» Supplied material
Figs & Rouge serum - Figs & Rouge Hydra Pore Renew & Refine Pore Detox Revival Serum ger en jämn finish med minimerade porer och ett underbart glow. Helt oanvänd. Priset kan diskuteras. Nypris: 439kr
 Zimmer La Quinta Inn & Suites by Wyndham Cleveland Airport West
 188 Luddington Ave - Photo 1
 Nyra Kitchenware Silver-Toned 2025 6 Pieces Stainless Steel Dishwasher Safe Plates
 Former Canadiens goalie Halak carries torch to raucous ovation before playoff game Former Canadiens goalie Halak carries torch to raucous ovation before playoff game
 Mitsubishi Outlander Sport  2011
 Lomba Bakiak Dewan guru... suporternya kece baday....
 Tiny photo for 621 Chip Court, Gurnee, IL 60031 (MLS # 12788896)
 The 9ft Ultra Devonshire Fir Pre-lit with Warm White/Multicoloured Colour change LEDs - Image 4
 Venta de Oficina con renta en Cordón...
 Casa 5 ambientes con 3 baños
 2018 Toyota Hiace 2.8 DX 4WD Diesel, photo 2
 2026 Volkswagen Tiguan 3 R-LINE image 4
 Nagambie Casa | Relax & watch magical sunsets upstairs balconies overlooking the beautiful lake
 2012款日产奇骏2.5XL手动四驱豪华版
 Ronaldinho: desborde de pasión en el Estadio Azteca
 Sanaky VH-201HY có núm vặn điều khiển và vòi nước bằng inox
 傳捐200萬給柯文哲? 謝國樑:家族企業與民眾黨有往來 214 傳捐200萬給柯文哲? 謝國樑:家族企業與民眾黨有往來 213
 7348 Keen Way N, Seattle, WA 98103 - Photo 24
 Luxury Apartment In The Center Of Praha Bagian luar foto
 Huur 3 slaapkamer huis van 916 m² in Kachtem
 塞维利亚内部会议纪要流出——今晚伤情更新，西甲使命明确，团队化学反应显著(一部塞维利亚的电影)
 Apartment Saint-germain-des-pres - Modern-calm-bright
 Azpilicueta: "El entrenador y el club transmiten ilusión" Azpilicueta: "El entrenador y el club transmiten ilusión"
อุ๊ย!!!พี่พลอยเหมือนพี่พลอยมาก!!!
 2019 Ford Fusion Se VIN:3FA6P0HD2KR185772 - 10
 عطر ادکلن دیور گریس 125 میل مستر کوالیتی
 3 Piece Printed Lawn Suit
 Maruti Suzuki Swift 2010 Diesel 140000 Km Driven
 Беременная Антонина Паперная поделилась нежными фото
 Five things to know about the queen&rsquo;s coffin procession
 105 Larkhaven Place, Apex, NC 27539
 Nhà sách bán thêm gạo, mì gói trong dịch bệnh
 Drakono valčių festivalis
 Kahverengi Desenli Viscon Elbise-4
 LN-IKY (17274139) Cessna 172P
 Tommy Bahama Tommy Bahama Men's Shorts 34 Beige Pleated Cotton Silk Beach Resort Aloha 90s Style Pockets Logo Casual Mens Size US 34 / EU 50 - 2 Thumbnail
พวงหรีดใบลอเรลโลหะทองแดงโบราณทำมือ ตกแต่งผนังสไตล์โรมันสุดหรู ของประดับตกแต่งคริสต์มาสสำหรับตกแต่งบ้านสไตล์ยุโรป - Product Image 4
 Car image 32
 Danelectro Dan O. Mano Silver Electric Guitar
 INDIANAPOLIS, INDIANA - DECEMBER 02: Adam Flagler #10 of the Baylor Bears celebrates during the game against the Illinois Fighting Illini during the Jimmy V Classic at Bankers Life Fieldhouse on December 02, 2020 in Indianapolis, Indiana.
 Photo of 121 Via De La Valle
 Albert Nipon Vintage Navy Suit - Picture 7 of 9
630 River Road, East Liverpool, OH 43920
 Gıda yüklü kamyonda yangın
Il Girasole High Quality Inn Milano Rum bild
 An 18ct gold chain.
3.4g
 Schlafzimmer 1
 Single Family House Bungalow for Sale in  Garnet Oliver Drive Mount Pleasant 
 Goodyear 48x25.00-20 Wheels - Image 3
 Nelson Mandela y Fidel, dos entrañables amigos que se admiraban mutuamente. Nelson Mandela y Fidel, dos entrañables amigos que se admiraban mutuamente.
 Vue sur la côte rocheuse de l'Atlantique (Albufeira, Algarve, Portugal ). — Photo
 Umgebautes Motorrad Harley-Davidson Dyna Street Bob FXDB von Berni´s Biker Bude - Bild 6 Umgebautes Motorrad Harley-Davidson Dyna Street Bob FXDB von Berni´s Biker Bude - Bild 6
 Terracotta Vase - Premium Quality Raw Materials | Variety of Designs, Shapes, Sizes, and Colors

» Problem details
Retype the portion of the data above that starts on the line with "LN-IKY (17274139) Cessna 172P" and finishes on the line with "630 River Road, East Liverpool, OH 43920", including both of those lines.

» Response
 LN-IKY (17274139) Cessna 172P
 Tommy Bahama Tommy Bahama Men's Shorts 34 Beige Pleated Cotton Silk Beach Resort Aloha 90s Style Pockets Logo Casual Mens Size US 34 / EU 50 - 2 Thumbnail
พวงหรีดใบลอเรลโลหะทองแดงโบราณทำมือ ตกแต่งผนังสไตล์โรมันสุดหรู ของประดับตกแต่งคริสต์มาสสำหรับตกแต่งบ้านสไตล์ยุโรป - Product Image 4
 Car image 32
 Danelectro Dan O. Mano Silver Electric Guitar
 INDIANAPOLIS, INDIANA - DECEMBER 02: Adam Flagler #10 of the Baylor Bears celebrates during the game against the Illinois Fighting Illini during the Jimmy V Classic at Bankers Life Fieldhouse on December 02, 2020 in Indianapolis, Indiana.
 Photo of 121 Via De La Valle
 Albert Nipon Vintage Navy Suit - Picture 7 of 9
630 River Road, East Liverpool, OH 43920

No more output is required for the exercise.